Yes – frequently, but this is a bad thing.
The issue was that their automatic updater makes my computer unable to boot, due to some compatibility problem with an update. Which it keeps trying to apply. Then every time it fails, startup repair or some troubleshooter rolls back the update and it works again for a while.
Since I cannot turn off updates, it’s stuck in this loop forever. However, I can turn off my computer via the power button (sending shutdown signal, not hard power off), and this avoids applying the update most of the time.
This is an older computer that is only used for games, and a slicer for my 3D printer. I’ve decided to leave it in this state – at this point it’s more a piece of performance art than a reliable computer. I moved my business and my clients away from MS a few years back.

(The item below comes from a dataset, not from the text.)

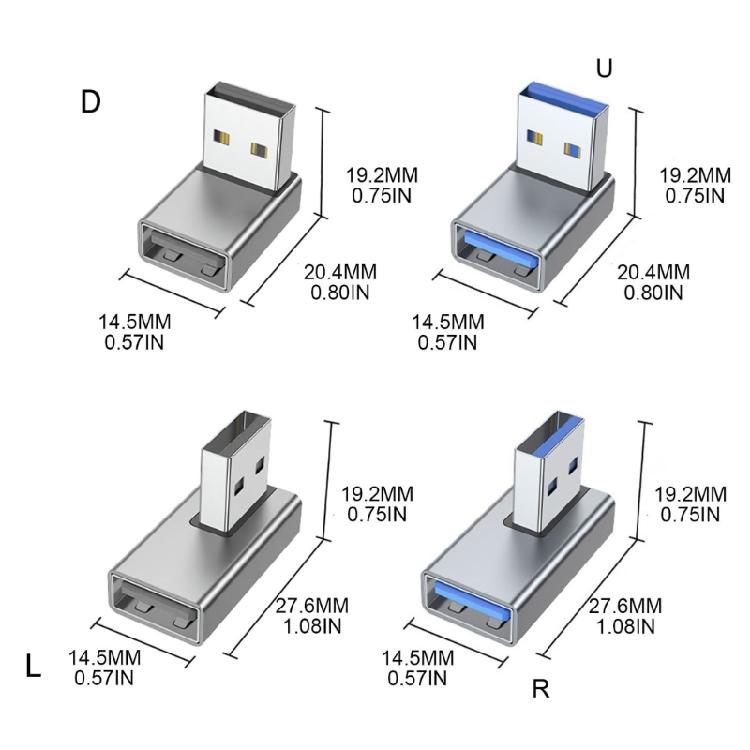 4 шт. 90-градусный USB 3.0 адаптер, угловой USB A Male на Female, удлинитель-конвертер для расширения ПК, ноутбука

This cost me a lot of easy money though – there’s no maintenance work for me to do and I’ve had to move on to more productive things.
Why didn’t you just disable updates?
Haven’t found an option that does this with any degree of permanence. Always re-enables updates after a short time without prompting. Then reminds me every 3 days to set up a MS account.
Not very concerned – it’s not worth my time to fix. I don’t have free time.
You can disable the updates service and/or edit the registry
This guy thinks you can do what you want with Windows.
Disabling updates is such a ridiculous thing because sometimes it works, and sometimes Windows just ignores you.
I’ve literally had two exact model laptops running as local render servers, fully updated, then disabled updates/reboots on both, around a month later one updated and rebooted dumping my workload and corrupting my database. Disabling anything on Windows doesn’t always work, it does what it wants.
Once. It was a long time ago, and I don’t remember exactly what was wrong, but it did fix it. Since then I’ve run it probably 10 more times and it’s never worked again. Even when the thing that’s wrong is something that it should be able to fix, like I formatted the EFI partition, and it just needs to add its own boot loader again.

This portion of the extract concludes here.